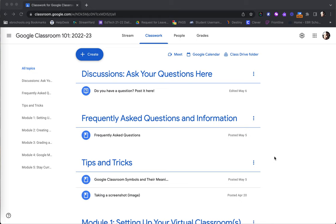Within the learning management system of Google Classroom, when on the Classwork tab, this is where all classwork, materials, assignments, activities, anything for students to access is listed here.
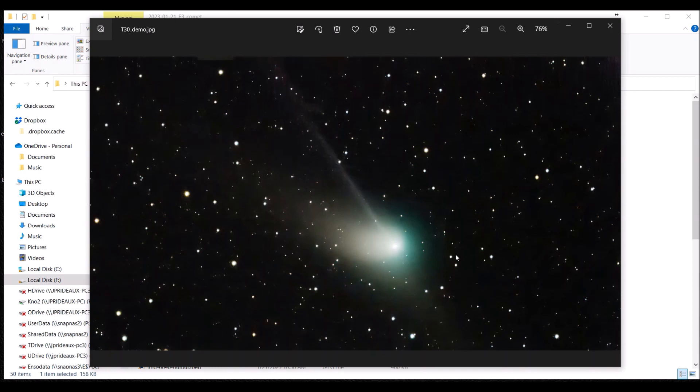You could run those individual TIFF files into some third-party stacking program that can stack on the comet and not the stars, though that's kind of complicated. So this is a more simple process of just making a short exposure and doing the best you can with the already stacked TIFF file from the Vespera.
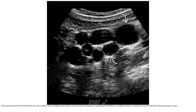This is the ultrasound of the left flank in a patient showing multiple cysts replacing the left kidney. The renal fossa retains the renal shape in the chain, but no normal left renal parenchyma is seen.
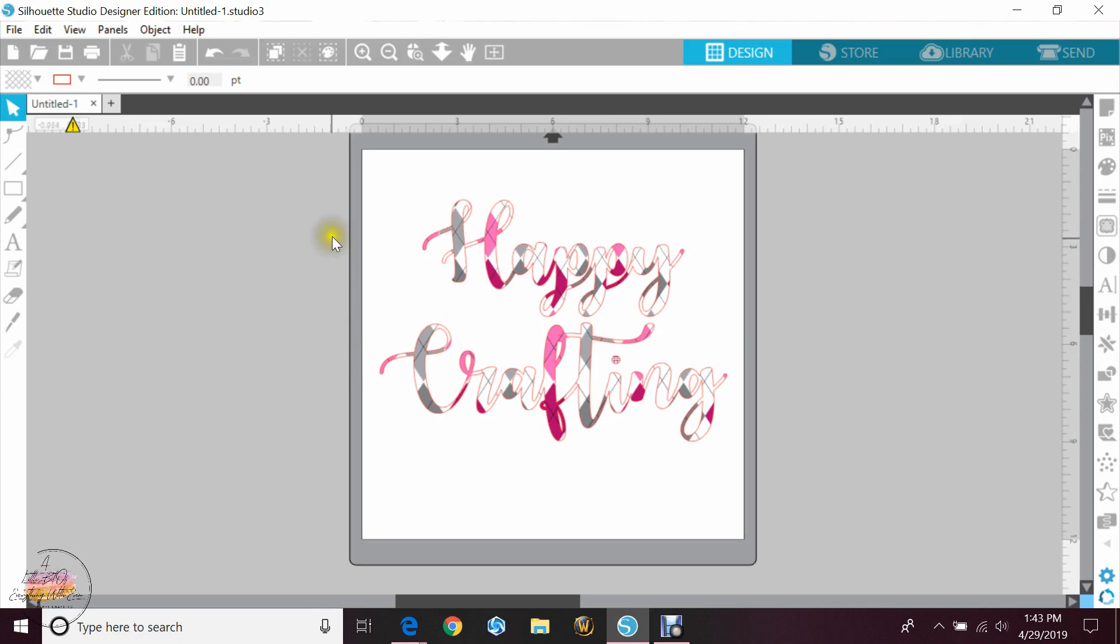I've already gone and typed out a quote. I put 'happy crafting' because that's what I always say at the end of all my videos.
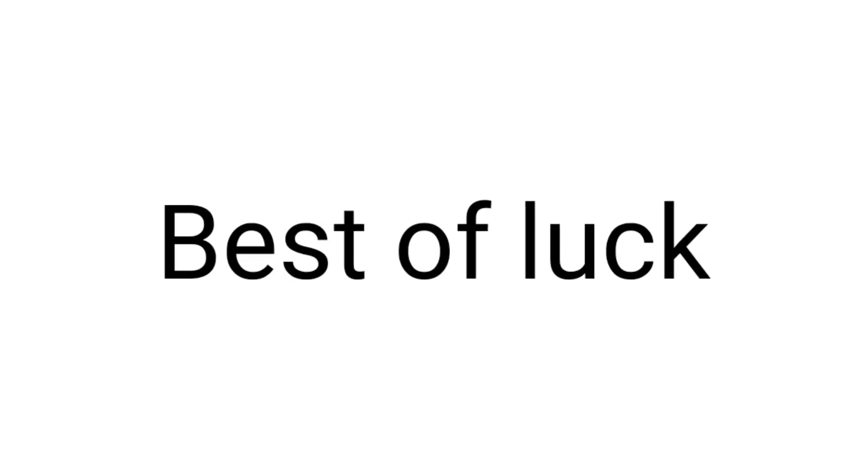Tell me in the comments and subscribe my channel. Best of luck. Goodbye.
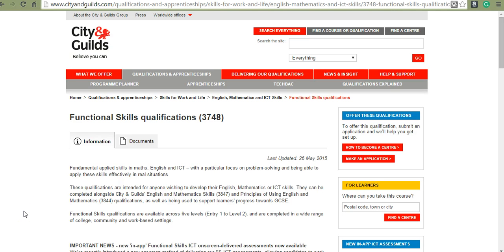This video will show you how to access sample versions of the City and Guilds on-screen delivered functional skills assessments. This assessment will help you familiarize yourself with the Evolve environment in preparation for your on-screen exam.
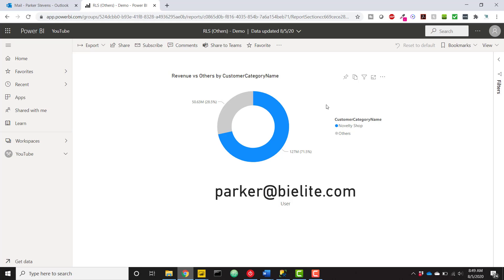Just a reminder, if you want to access any of the data behind this trick, all you need to do is enroll in any of our BI Elite training courses. You can connect directly to a live Azure SQL database for you to practice Power BI, DAX, Alteryx, and anything else that you want to do data related. The link is down in the description and thanks for watching.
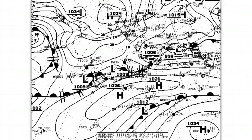Most of the surface observations on this map are drawn over by isobaric lines or fronts, but I have identified two — one on land here, and one in the sea here — that have not been overwritten. We will examine both of these and tell you what all the numbers and symbols mean.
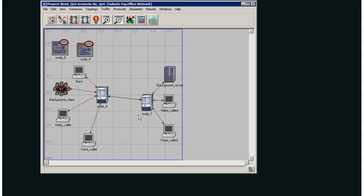I have a network here and what I want to do is demonstrate a network without quality of service and a network with a quality of service technique called differentiated services.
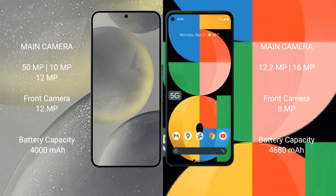Samsung Galaxy S24 has a 4000mAh battery with 25W fast charging support. Google Pixel 5a has a 4680mAh battery with 18W fast charging support.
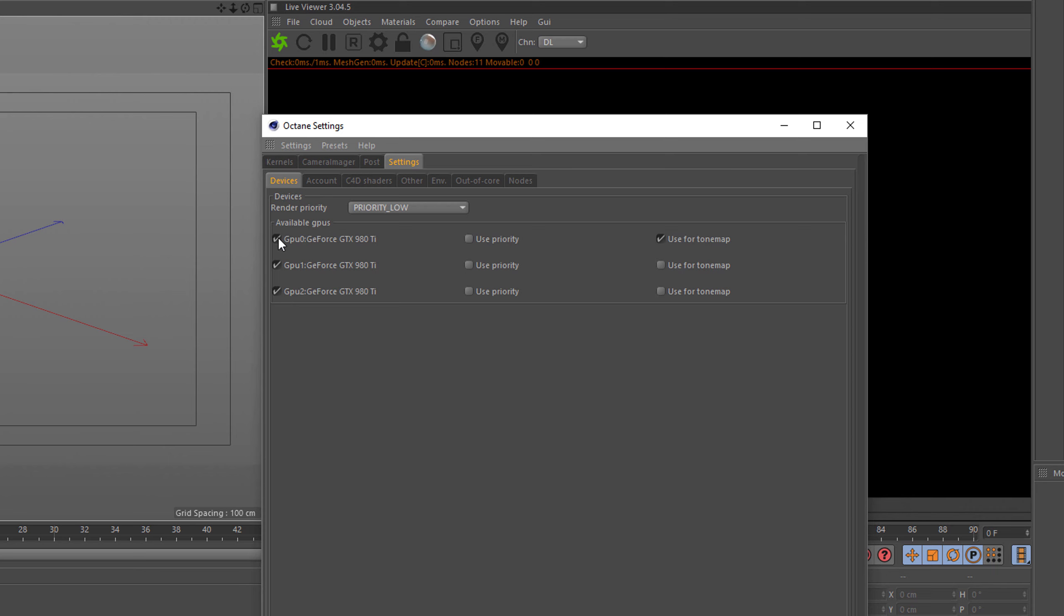So if I untick a card here, and those are obviously the cards I'm using right now, our three GTX 980 Ti's, those are not rendering anymore.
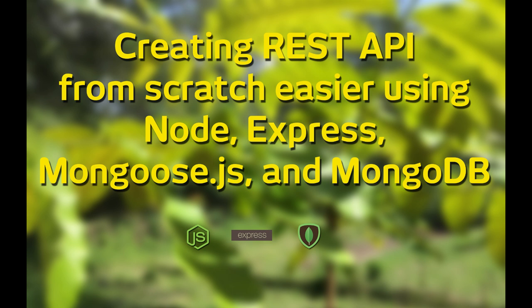Today, I want to show you how to create REST API using Node.js, Express.js, Mongoose.js, and MongoDB in an easy and effective way.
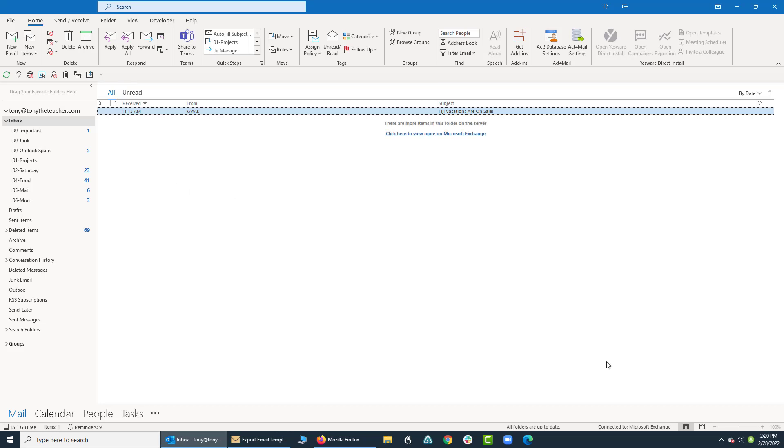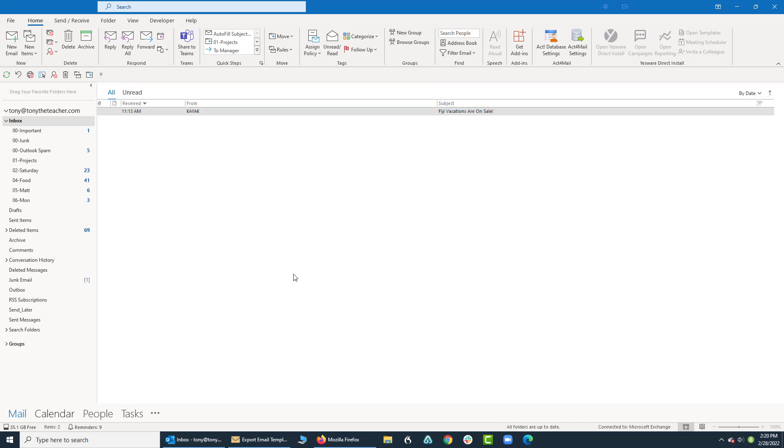Hi ladies and gentlemen, this is Tony Hollowitz and I want to show you how to print an email in Microsoft Outlook.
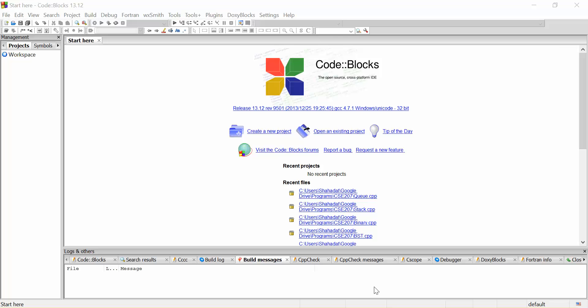Hello everyone, my name is TechTree's Video YouTube channel. This is a C programming video tutorial. Let's see what C programming is - the basics of C programming.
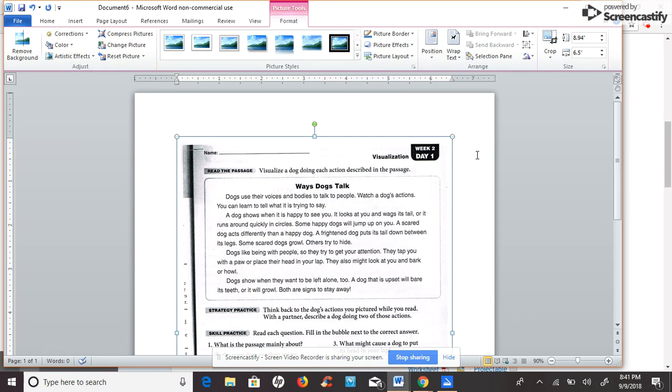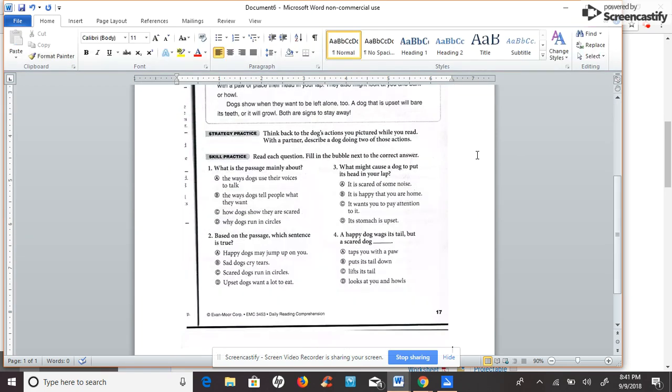Make sure you adjust your mental picture as you read new details. You may now answer the questions below. Read the page and answer the questions.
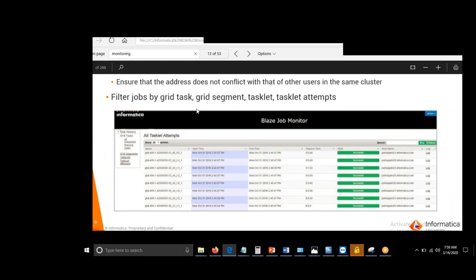The session wraps up here, with the next class scheduled for the following day at 7 AM sharp.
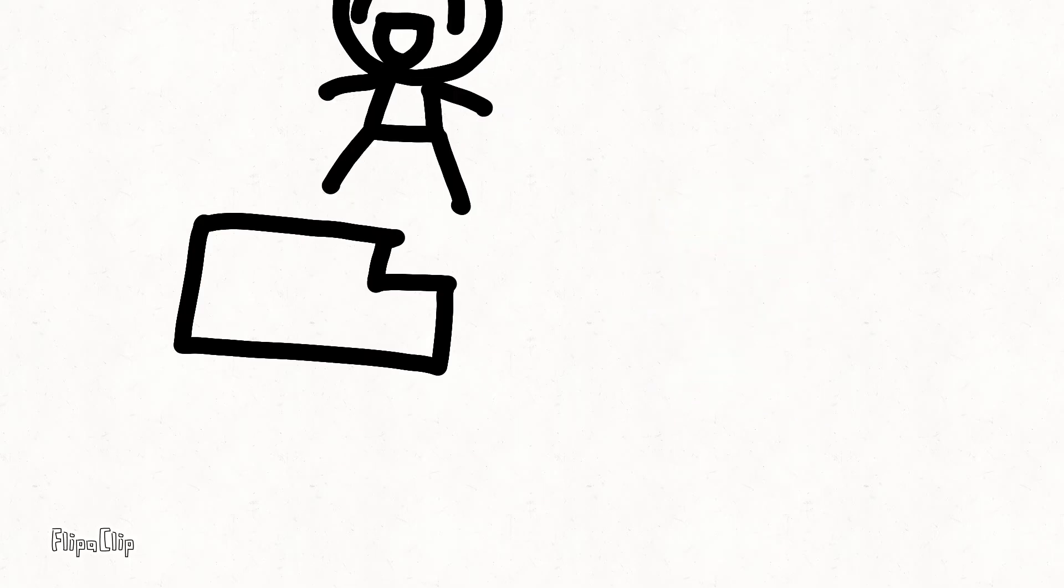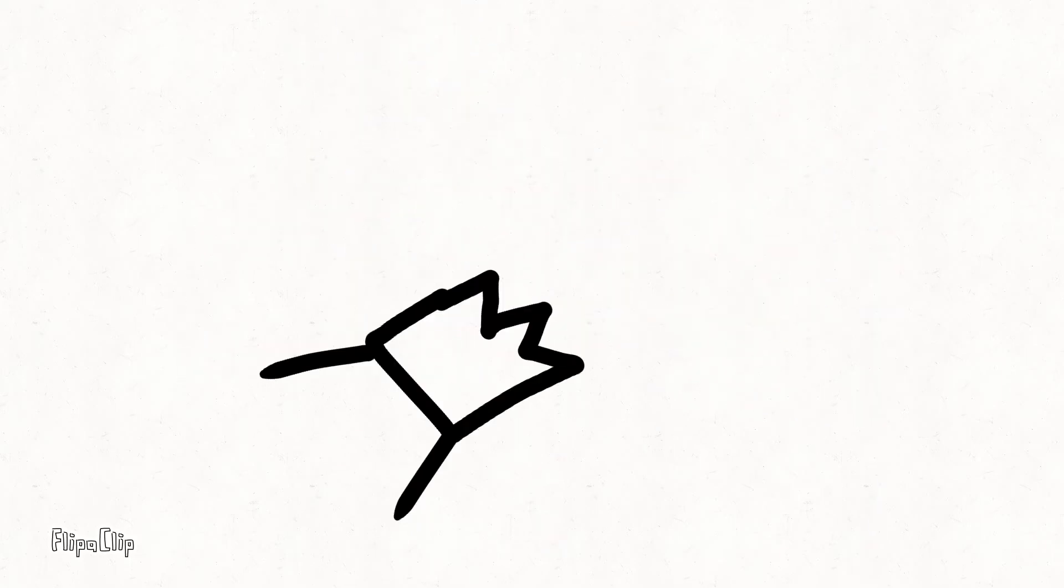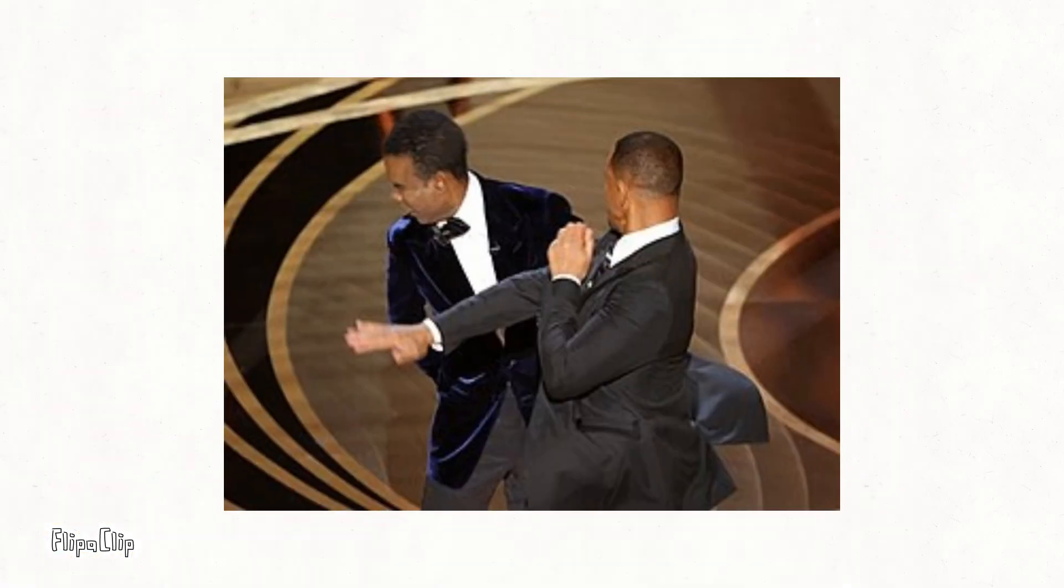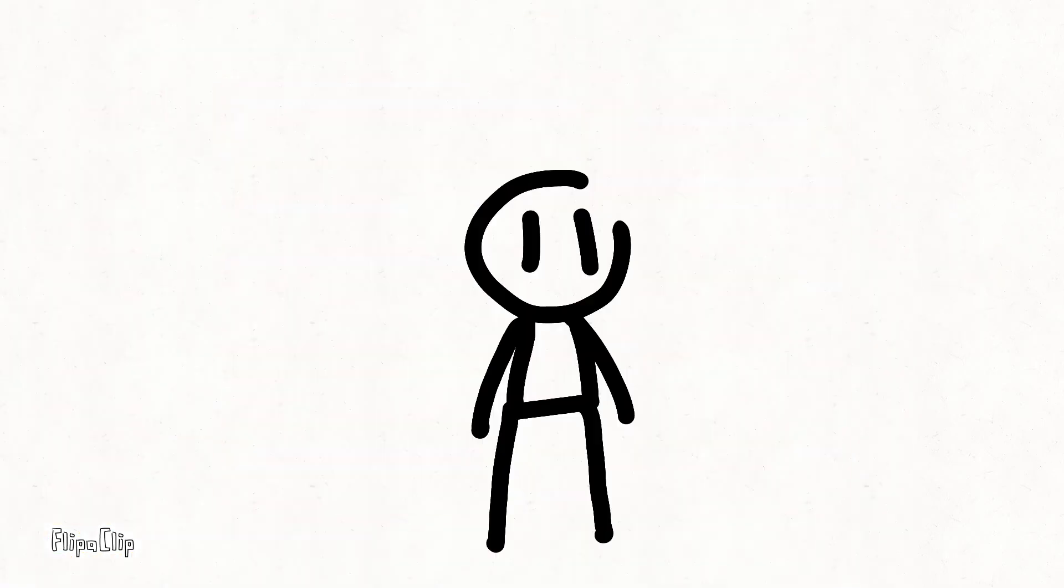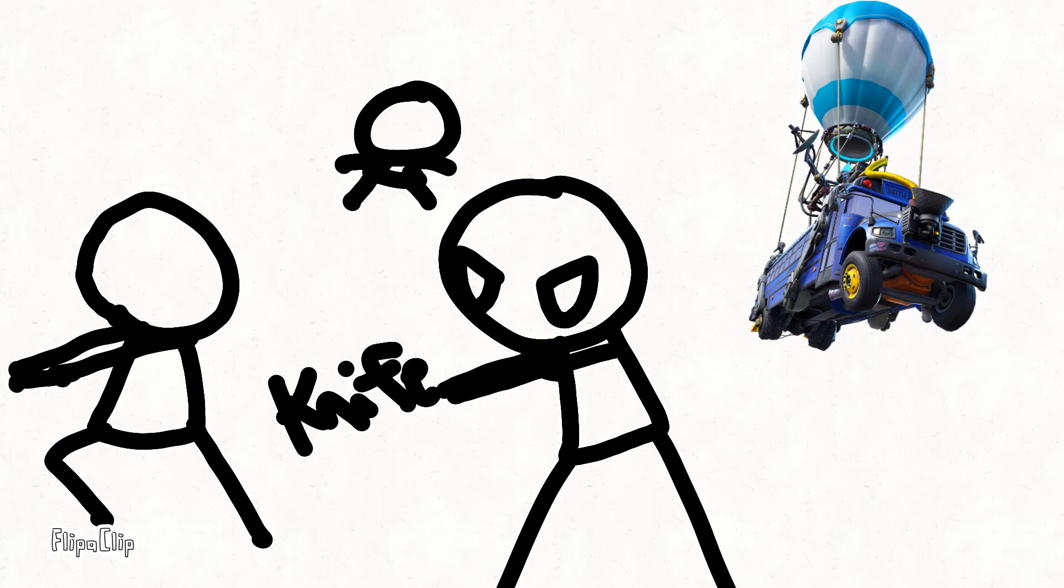Ben likes trains, so he goes to drive a train, but then the train crashed, leaving him hospitalized. But wait, Ben does not like hospitals. So he punches the doctor, making Ben a wanted criminal, so the FBI is on Ben's tail.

######

> What the task asks
Omit the pictures. Print, word for word, the lines from the beginning of the entries above through the line that holds "This video will".

> Your solution
Within the learning management system of Google Classroom, when on the Classwork tab, this is where all classwork, materials, assignments, activities, anything for students to access is listed here.
You could run those individual TIFF files into some third-party stacking program that can stack on the comet and not the stars, though that's kind of complicated. So this is a more simple process of just making a short exposure and doing the best you can with the already stacked TIFF file from the Vespera.
This is the ultrasound of the left flank in a patient showing multiple cysts replacing the left kidney. The renal fossa retains the renal shape in the chain, but no normal left renal parenchyma is seen.
I've already gone and typed out a quote. I put 'happy crafting' because that's what I always say at the end of all my videos.
Tell me in the comments and subscribe my channel. Best of luck. Goodbye.
This video will show you how to access sample versions of the City and Guilds on-screen delivered functional skills assessments. This assessment will help you familiarize yourself with the Evolve environment in preparation for your on-screen exam.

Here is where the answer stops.